Я оборачиваюсь назад. Срываю с календаря не дни – годы. Листки падают вниз в беспорядке. Двадцать пять лет. Обставленная уютная жизнь. Поцелуи в лоб при встречах и расставаниях... Тридцать лет. Страх уходящей молодости и любви. Тяжесть золотого кольца... Девятнадцать лет. Вот она – любовь. Чудная, удивительная Жар-птица. Белая фата, туфли. Сладкий поцелуй под пьяное «Горько!» И уже через день-два: «Жар-птица ли это была?»

И так год за годом, словно с дерева осыпается листва. Каждый лист – это морщинка на сердце. Вот этот – кленовый, ярко-раскрашенный несёт смерть. Он упал – и я умерла. Сколько мне теперь – десять, тридцать, сто, бесконечность? Женщина всегда мёртвая, когда она не нужна. Я хватала этот лист, закрывала от него своим телом зелёную нежную землю. «Волк не должен, не может иначе. /Вот кончается время моё. /Тот, которому я предназначен, /Улыбнулся и поднял ружьё»... Я не найду Мисюсь. Остался для меня только раздирающий душу Высоцкий, Это очень страшно, когда тебя предают... Идёт охота на волков... Идёт охота... Уходят любовь и добро. Я не могу больше слышать Высоцкого. Володя, простите. Мне очень больно сейчас. Я очень старая. Скорчилась в уголочке дивана. Скоро придёт человек, который по закону должен любить меня и которому по закону я должна подставлять лоб или щёку. Губы я прячу, губы, едва он коснётся их, – закричат. А этот дом, этот уют вбили в меня крик. За меня кричите теперь вы, Володя Высоцкий. За окном кто-то, не знаю кто, старательно бьёт по ковру.

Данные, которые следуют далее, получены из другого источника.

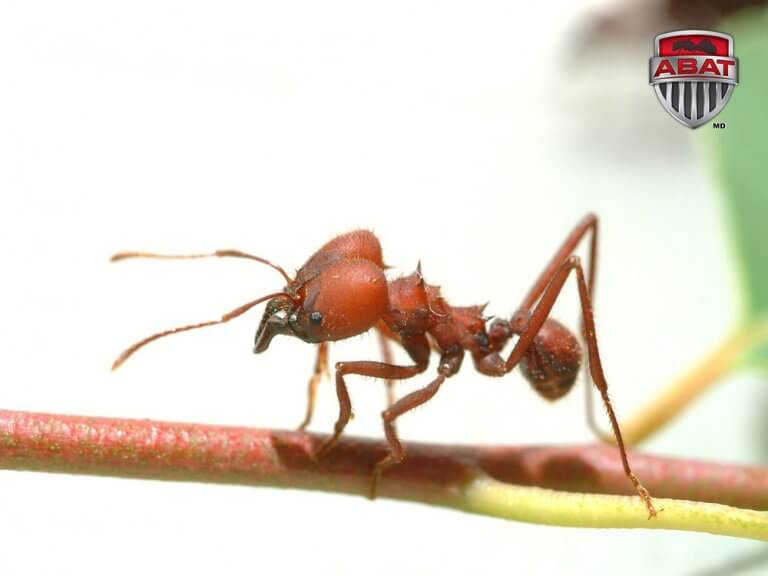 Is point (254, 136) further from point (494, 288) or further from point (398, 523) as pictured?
point (398, 523)

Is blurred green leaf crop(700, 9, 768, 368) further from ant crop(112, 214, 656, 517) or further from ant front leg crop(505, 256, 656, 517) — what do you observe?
ant front leg crop(505, 256, 656, 517)

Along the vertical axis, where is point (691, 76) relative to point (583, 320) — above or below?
above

Удары, удары... Каждый должен быть в кого-то влюблен. Хотя бы в ковёр. А я всё ищу, все разыскиваю призрачную Мисюсь. Тихо поёт мудрый, всё понимающий Окуджава. «Давайте восклицать, друг другом восхищаться./ Высокопарных слов не надо опасаться. /Давайте говорить друг другу комплименты. /Ведь это всё любви счастливые моменты». Да, да, именно так. Замечательно. Он придёт, я ему скажу что-нибудь очень доброе, очень родное и не буду помнить, что он пришёл ко мне от другой. И там, и тут одинаково целовал в лоб, щёку. Губы раскрываются только тогда, когда ты Единственная... Нет, Булат Шалвович, сегодня я вас слушать не стану. Книги я тоже возвращаю на книжную полку. Снова летят листы календаря. «Идёт охота на волков, идёт охота». Мальчик и Девочка, Он и Она, сидят на завалинке. Вокруг снуют озабоченные взрослые. Он и Она молчат. Это молчание роднит их. Обратитесь сейчас к ним, перенесите в другое место – они не почувствуют, не услышат. Они слышат только себя. А потом Девочку уводят к машине. Мальчик в бессознательном оцепенении идёт следом за ней. И только взрослое: «Дети, да поцелуйтесь же на прощание» возвращает их в жизнь.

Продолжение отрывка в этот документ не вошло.